Not all employees who face bullying in the workplace have actionable sexual harassment claims against their employers. Screaming bosses, coworkers who intentionally undermine one another’s success, and supervisors who set what seem like impossibly high standards can make for an objectively “hostile” work environment. But under federal employment discrimination laws, only employees who are bullied or harassed because of their sex can assert claims for sexual harassment against their employers.1
About Title VII
Under Title VII of the Civil Rights Act of 1964, employers are prohibited from discriminating against employees on the basis of sex in making any employment decisions, but also with respect to the “terms, conditions, or privileges” of their employment. 42 U.S.C. § 2000e-2(a). Discrimination affecting the “terms, conditions, or privileges” of one’s employment has been interpreted to include creation of a “sexually hostile work environment,” which is a legal term of art, through severe or pervasive sexual harassment. To constitute discrimination because of sex, actionable sexual harassment requires showing that the conduct is directed at the victim because of her (or his) gender.
As federal courts have affirmed on many occasions, Title VII is not “a general civility code” that prohibits “all verbal or physical harassment in the workplace.” Oncale v. Sundowner Offshore Services, Inc., 523 U.S. 75, 80 (1998). Rather, it was designed specifically to protect from discrimination historically marginalized Americans within, or totally excluded from, the workplace. This includes women who, long excluded from the workplace altogether, endured pervasive and unaddressed sexual harassment in previously male-dominated places of employment. As our understanding of gender and sexuality evolved over the late 20th and early 21st centuries, the protections against harassment were extended to all employees, men as well as women, who endured sexual harassment by members of the same or the opposite sex. Unfortunately, because Title VII only bans discrimination on protected bases, it still does not protect employees who are bullied or harassed for reasons other than their sex (or one of the other traits listed in the statute).
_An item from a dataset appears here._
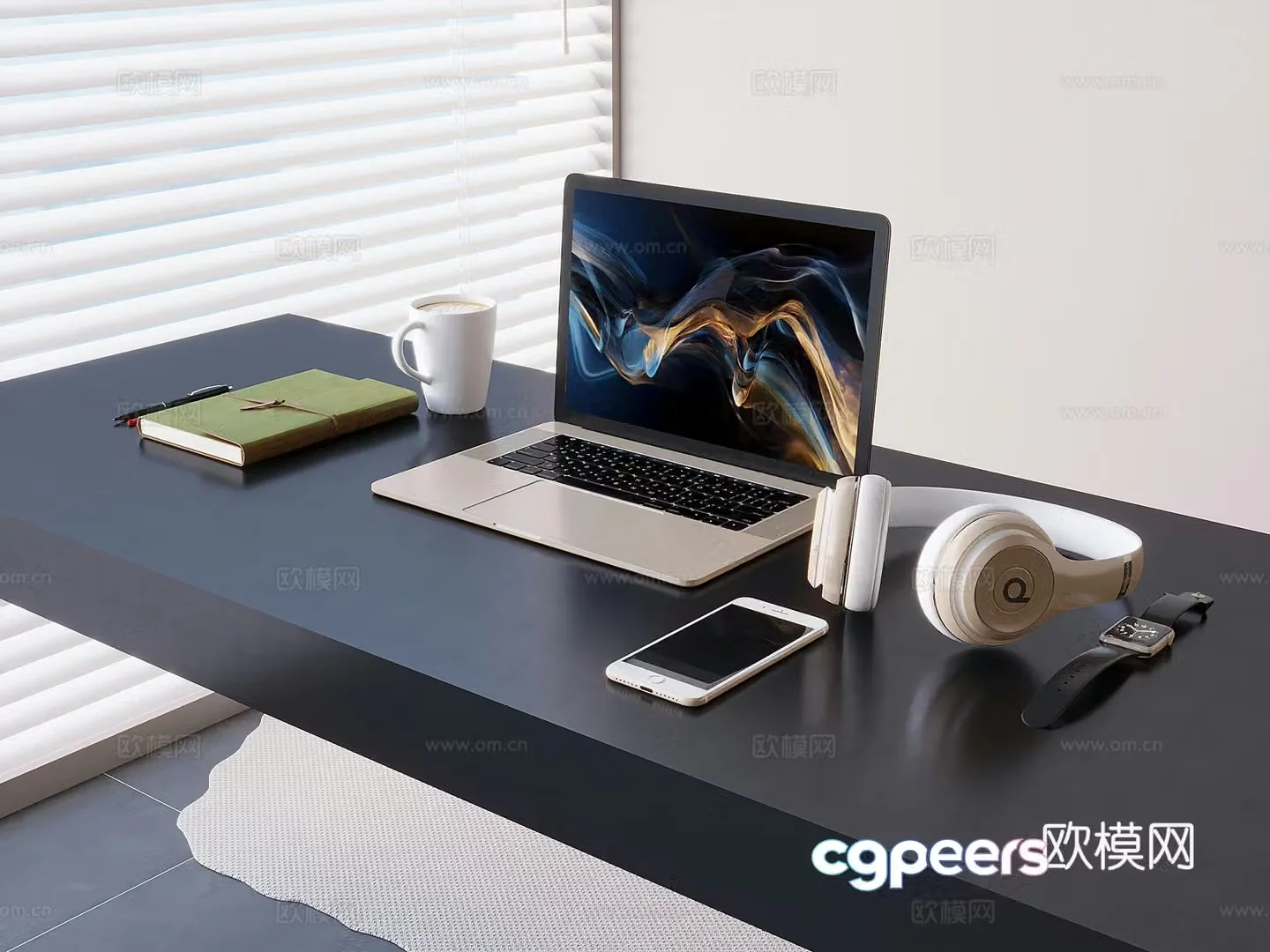 Office desk laptop mobile phone watch coffee cup notepad headset 3d model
About Equal Opportunity Jerks and Other Bad Bosses
Two common examples of workplace bullying that do not give rise to a legal claim for sexual harassment are what has become known as the “equal opportunity jerk” and employers who single out a particular employee for reasons other than his or her sex.
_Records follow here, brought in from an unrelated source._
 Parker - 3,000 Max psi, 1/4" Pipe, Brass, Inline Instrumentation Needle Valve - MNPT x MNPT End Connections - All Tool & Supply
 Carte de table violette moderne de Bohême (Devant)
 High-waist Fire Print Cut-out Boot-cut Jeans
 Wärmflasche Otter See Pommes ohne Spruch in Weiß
As the theory goes: A supervisor who bullies all of his or her employees using gender-neutral language or tactics is not in violation of Title VII because he or she treats men and women equally poorly. For example, in Acosta v. Hilton Grand Vacations Company, LLC, Civil Action No. 4:15-cv-00495, 2017 WL 1173583 (D.S.C. Mar. 30, 2017) (slip copy), a female employee’s supervisor “had a reputation of being rude to everyone, regardless of the individual’s gender[.]” Id. at *6. Although the supervisor’s comments toward and interactions with the employee were “rude and inappropriate,” they were no different than those directed at male employees and did not in themselves reflect “bias or . . . animus based on . . . gender.” Id.
Similarly, employers who single out a particular employee still may not be in violation of Title VII if the employee is singled out for some reason other than his or her sex (or one of the other protected traits listed in the statute). For example, a supervisor who bullies an employee because of a personality conflict or disagreement over the way work should be done is not in violation of the law. Supervisors frequently offer harsh criticisms to their subordinates, call them stupid or incompetent, rail at them for mistakes, shout at them, and make threatening physical gestures toward them. However harmful the supervisor’s words or behavior may be, they will not be grounds for a sexual harassment claim under Title VII, as long as they are not based on the employee’s sex.
For workplace bullying to constitute sexual harassment, the bully must create a “sexually hostile work environment” through sexualized language or behavior. Some ways that bullies create a “sexually hostile work environment” include using gender-based slurs, making constant sexualized jokes or comments, and making unwelcome romantic or sexual advances. For the reasons described above, bullying that is unconnected to an employee’s sex is not actionable under Title VII.
What Laws Exist to Stop Workplace Bullying?
In the absence of federal legislation prohibiting generic workplace bullying, several states are considering legislation that would provide severely bullied employees with a claim for damages if they can prove that they suffered mental or physical harm as a result of the bullying. For example, Massachusetts State Senator Jennifer L. Flanagan introduced Senate Bill 1013—an act addressing workplace bullying, mobbing, and harassment, without regard to protected class status—in the Massachusetts Legislature in January 2017. Specifically, the act prohibits all “abusive conduct” against employees—even if the conduct is not based on one of the protected traits enumerated in Title VII, such as sex. In fact, the act expressly distinguishes sexual harassment from more general workplace bullying, which lawmakers estimate is four times more prevalent than sexual harassment alone.
Although workplace bullying and sexual harassment often go hand in hand, only one is actionable under existing federal law. Unless and until states pass anti-bullying laws like the one under consideration in Massachusetts, employees’ ability to assert claims against their employers for workplace bullying will be limited to harassment on the basis of sex or one of the other protected traits enumerated in Title VII.